Customizing dataloader, data transform is not applied

(Wonchul Son) #1
# Customizing my dataloader
class MyDataset():
    def __init__(self, cropped_1x32_dataset, targets):
        for i in range(32):
            self.__setattr__('data_{}'.format(i), cropped_1x32_dataset[i])
        self.targets = targets
        
    def __getitem__(self, index):
        for i in range(32):
            globals()['data_{}'.format(i)] = self.__getattribute__('data_{}'.format(i))[index]
        y = self.targets[index]
        return [globals()['data_{}'.format(i)] for i in range(32)], y
    
    def __len__(self):
        return len(self.data_0)

# train
my_train_dataset = MyDataset(train_cropped_1x32_dataset, train_dataset.targets)
my_train_loader = torch.utils.data.DataLoader(dataset = my_train_dataset,
                                              batch_size = batch_size,
                                              shuffle = True,
                                              num_workers=4)
# main
def train(epoch):
    model.train()
    train_loss = 0
    total = 0
    correct = 0
    
    for batch_idx, (cropped_1x32_dataset, target) in enumerate(my_train_loader):
        for i in range(32):   
            cropped_1x32_dataset[i] = cropped_1x32_dataset[i].to(device)
        target = target.to(device)

        optimizer.zero_grad()
        output = model(cropped_1x32_dataset)
        loss = criterion(output, target)
        loss.backward()
        optimizer.step()

In main, I checked the data.
But it doesn’t applied any transforms both RandomHorizontalFlip and Normalize.
How can I fix this?

Thank you.

(Juan F Montesinos) #2

Hi,
If you create a custom dataloader you have to apply those transformations.

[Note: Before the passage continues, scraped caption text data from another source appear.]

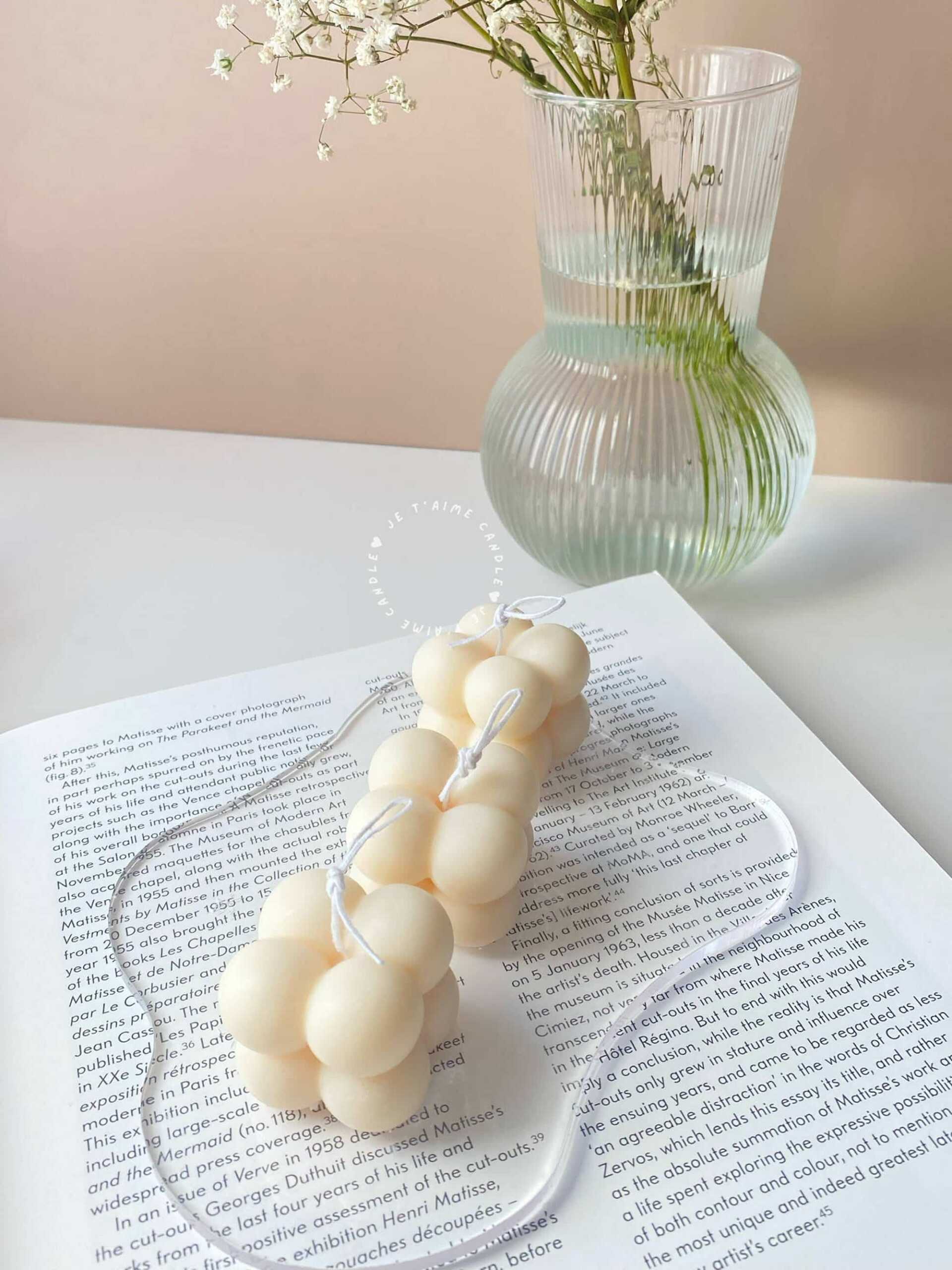 Mini bubble candle in clear box with ribbon bow - Image 2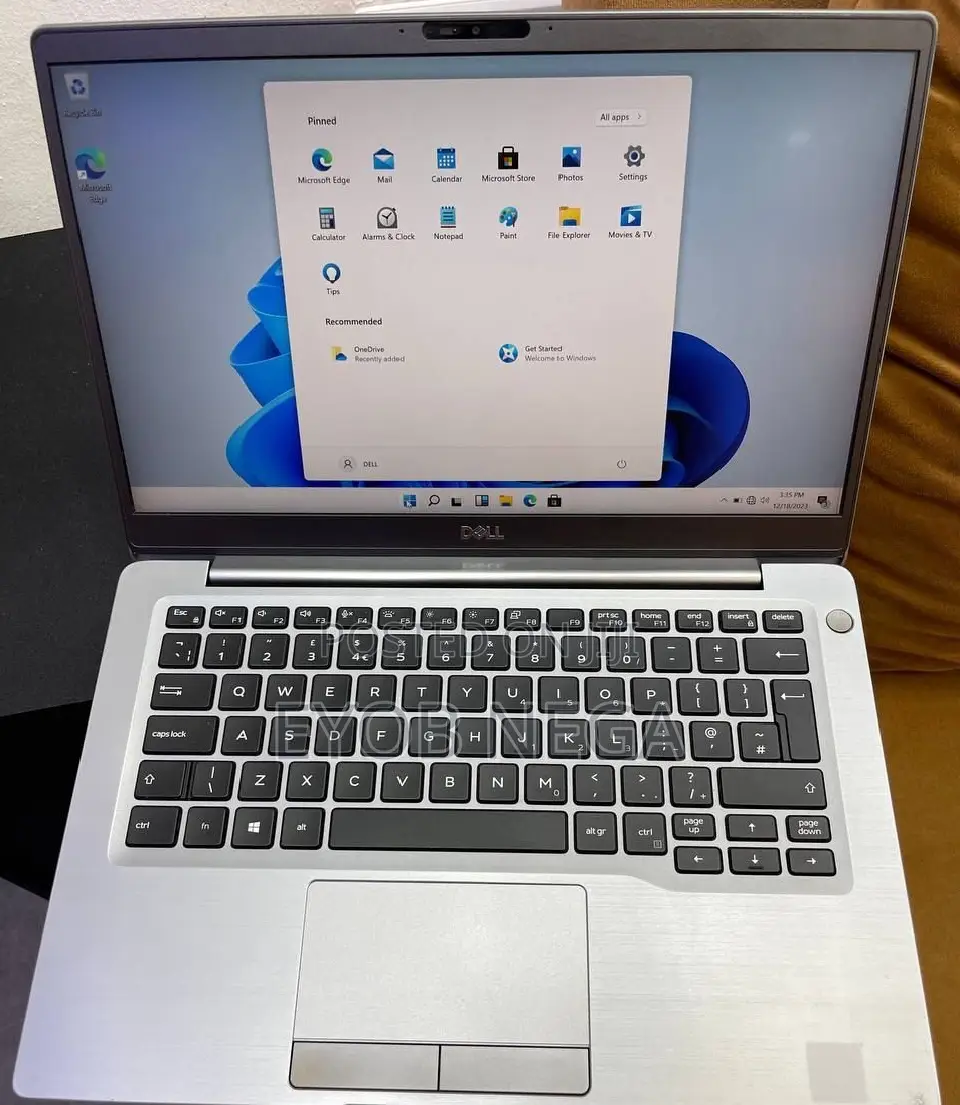 New Laptop Dell Latitude 7300 8GB Intel Core I7 SSD 256GB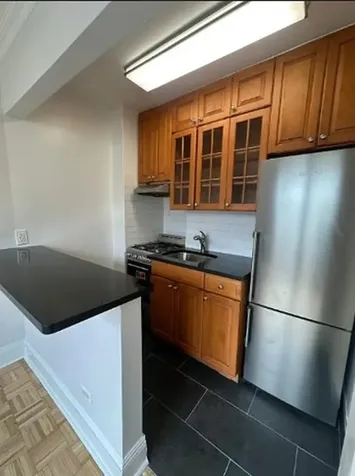 442 W 57th Street New York City NY 10019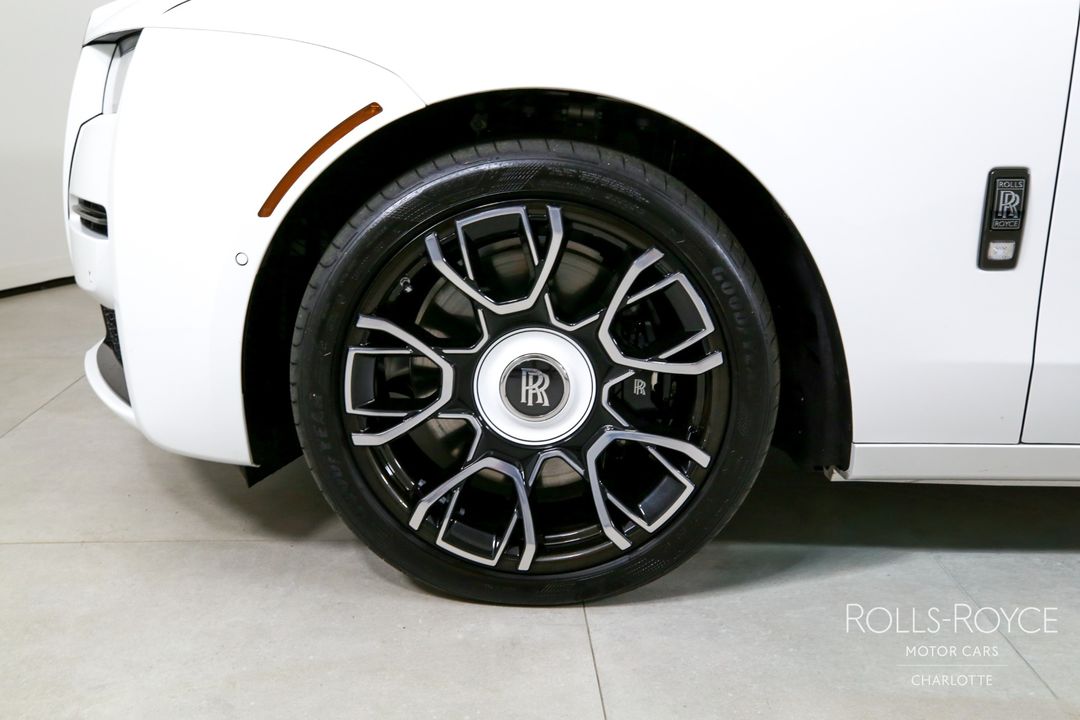 2024 Rolls-Royce Black Badge Ghost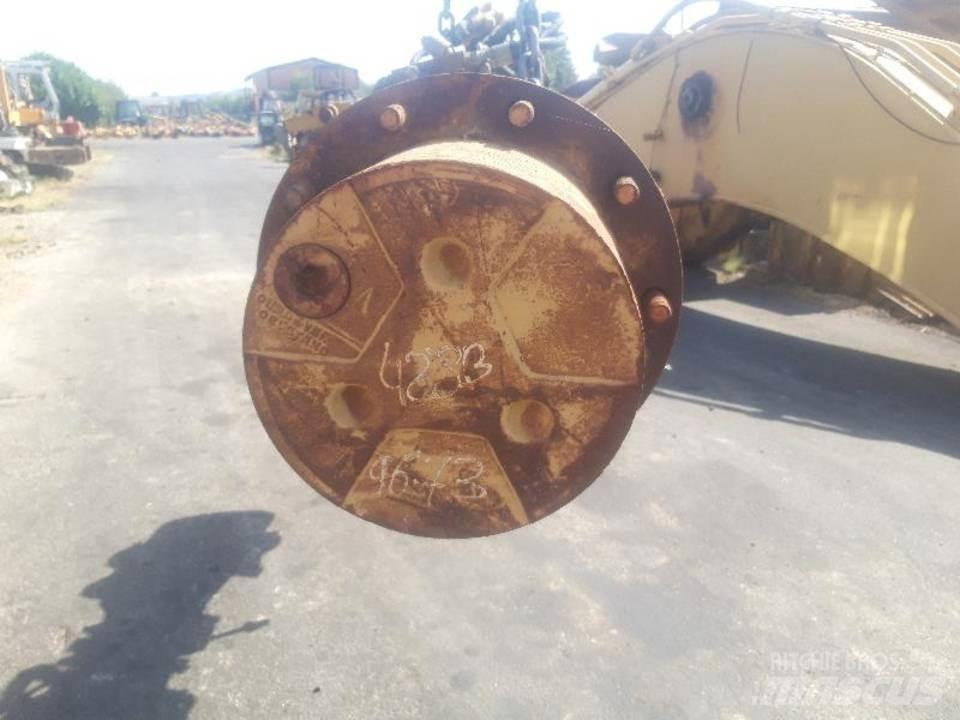 CAT 438B 트랜스미션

# Customizing my dataloader
class MyDataset():
    def __init__(self, cropped_1x32_dataset, targets):
        for i in range(32):
            self.__setattr__('data_{}'.format(i), cropped_1x32_dataset[i])
        self.targets = targets
        
    def __getitem__(self, index):
        for i in range(32):
            globals()['data_{}'.format(i)] = self.__getattribute__('data_{}'.format(i))[index]
        y = self.targets[index]
        return [globals()['data_{}'.format(i)] for i in range(32)], y
    
    def __len__(self):
        return len(self.data_0)

Look at your code, you are calling transformations nowhere.

(Wonchul Son) #3

@JuanFMontesinos
Should I call transformations in __init__?
When I load data, I called transformations like under.
Let me know where should I edit the code :smiley:
Thank you.

# load train data
transform_train = transforms.Compose([
    transforms.RandomHorizontalFlip(),
    transforms.ToTensor(),
    transforms.Normalize(mean=(0.4914, 0.4824, 0.4467),
                             std=(0.2471, 0.2436, 0.2616))
])

train_dataset = datasets.CIFAR10(root='../../data/cifar10/',
                                 train=True,
                                 transform=transform_train,
                                 download=True)
(Juan F Montesinos) #4

If I properly understood, you replaced CIFAR10 dataset by your own by loading them from CIFAR10 dataset right?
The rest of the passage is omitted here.